The waveform files and RR files were exported from ISHNE format to HDF5 format. The metadata files were double-checked with annotations.

The quality of the waveform file has been left as produced by Microport software, to correspond to real-life records. Records with a high level of noise were discarded during the selection phase. The sampling frequency of the records was not altered and kept at 200 Hz. The unique patient identifier and unique record identifier were generated randomly. Patients can have multiple Holter records. Therefore, the records are associated to the same patient identifier. Each record acquisition date was shifted by a random offset for each patient, as proposed by previous ECG databases^9,13. If there are multiple records for a patient, the chronological order of the records is conserved. We converted the birthdate of each patient, to its age at the time of the record.

Data Records

The database¹⁴ is available on Zenodo (https://zenodo.org/record/8405941). The IRIDIA-AF database is composed of a general metadata file and 167 folders, one for each record in the database. Each record folder includes the ECG waveform from the Holter record and the associated annotations. It also contains the RR intervals and associated annotations. This section describes the composition of the data repository. The composition is graphically described in Fig. 4.

General metadata

We provide the general metadata about the record in a single table, contains in a csv format file as shown in Fig. 5. The file contains multiple columns with information about the patient and the record. The first columns contain information about the patient:

1.
patient_id: the identifier of the patient;
2.
patient_sex: the sex of the patient, i.e. male or female;
3.
patient_age: the age of the patient at the day of the record, or the first day of record if there are multiple record days.

The following columns contain general information about the record itself:
4.
record_id: the identifier of the record;
5.
record_date: the (shifted) date of the record;
6.
record_start_time: the start time of the record in ISO 8601 format;
7.
record_end_time: the initial end time of the record in ISO 8601 format;
8.
record_timedelta: the time delta in seconds between the start and the end of the record.

Finally, the following columns contain information about the files:
9.
record_files: the number of ECG files for the record;
10.
record_seconds: the real number of seconds in the record, i.e. this can differ from the record_timedelta due to the correction of the end of the record if noise was present;
11.
record_samples: the real number of samples in all ECG files after end-of-file correction;

The age range is distributed between 41 and 99 years, with a mean age of 72 ± 11 years. The distribution is presented in Fig. 6. 53.2% are male and 46.7% are female. Mean CHADVASC score is 3.16 and range from 1 to 9. Holter are split into 24 hours record and most of the records (n = 103) have only one day of record, as shown in Fig. 7. In total, 388 AF episodes were recorded. Most of the records have only one (n = 96) or two (n = 31) AF episodes, but some records have up to 12 episodes, as show in Fig. 8.

ECG waveform data

The ECG waveform data is stored in HDF5 format, in the form of an array of shape L × 2, where 2 correspond to the two leads (lead I and lead II) and L correspond to the number of records points, i.e. number of seconds × sampling frequency (200 Hz).
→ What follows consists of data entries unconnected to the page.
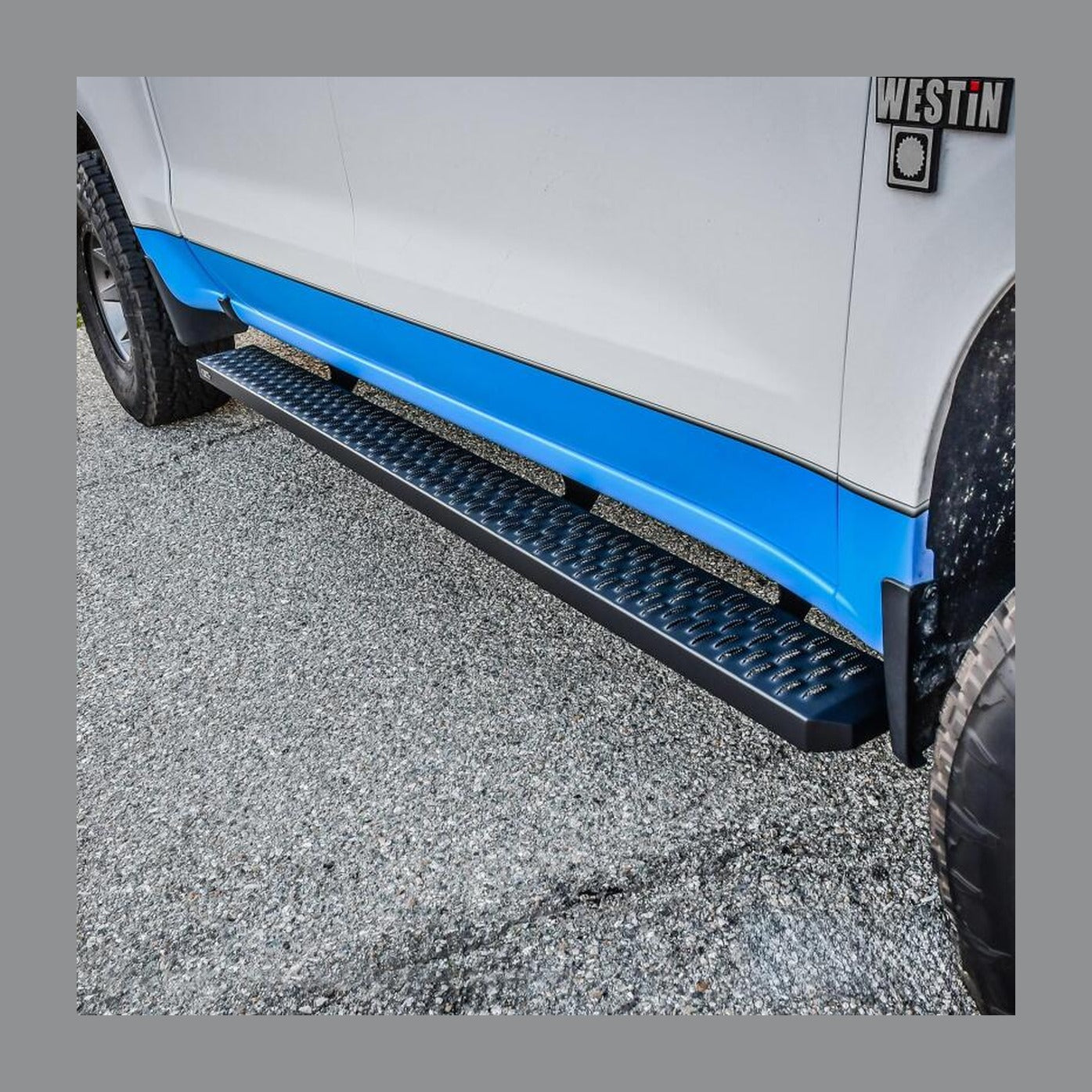 Westin Westin Grate Steps Running Boards 90 in - Textured Black, installed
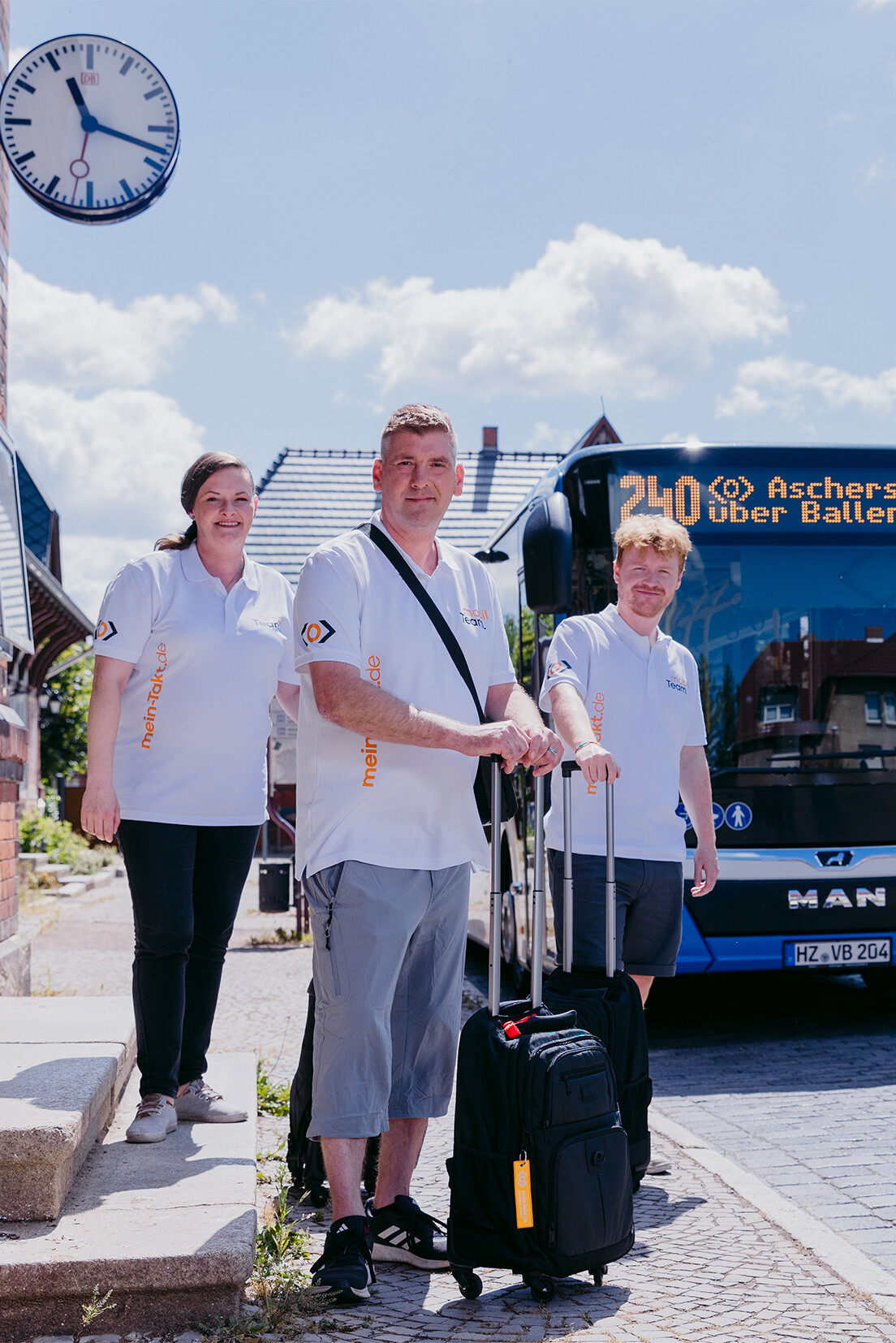 Die Mitglieder des Mobilteams stehen vor einem Bus
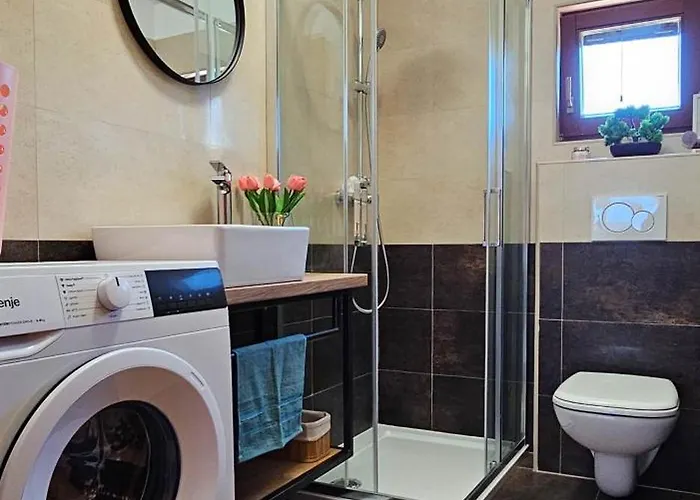 Bluemare B7 With Shared Pool * Ližnjan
This format is designed for data storage and supported by a wide variety of programming language. In addition, the compression level helped to reduce the dataset size without losing information quality and the data can be loaded in slices rather than having to load the whole file in memory. Each record is split in a multiple 24-hour part. Each part is stored in a separate HDF5 record associated with the record identifier and an identifier, e.g. record_000_ecg_00.h5 for the first 24-hour of record and record_000_ecg_01.h5 for the second 24-hour. The number of available ECG files is given in the general metadata file, stored in the record_n_files value. It should be noted that the first 30 seconds of record, i.e. from index 0 to index 6000, correspond to the calibration phase of the recording device, as shown in Fig. 9.

ECG waveform annotations

For each record, one ECG waveform metadata file contains the annotations about each AF crisis with one AF onset, i.e. transition from NSR to AF, and one AF termination, i.e. transition from AF to NSR. Each line contains information about one crisis with the following information:

1.
start_datetime: the day and time of the AF onset, in ISO 8601 format;
2.
start_file_index: the number of the file in which the AF start;
3.
start_qrs_index: the index of the QRS complex where the AF start, i.e. the first beat in AF;
4.
end_datetime: the day and time of the AF termination in ISO 8601 format;
5.
end_file_index: the number of the file in which the AF ends;
6.
end_qrs_index: the index of the QRS complex of AF termination, i.e. the first NSR beat after the AF termination;
7.
af_duration: the duration of the AF crisis in seconds;
8.
nsr_before_duration: the duration of NSR before the AF onset, i.e. the time between this AF crisis and the previous AF crisis or the start of the record.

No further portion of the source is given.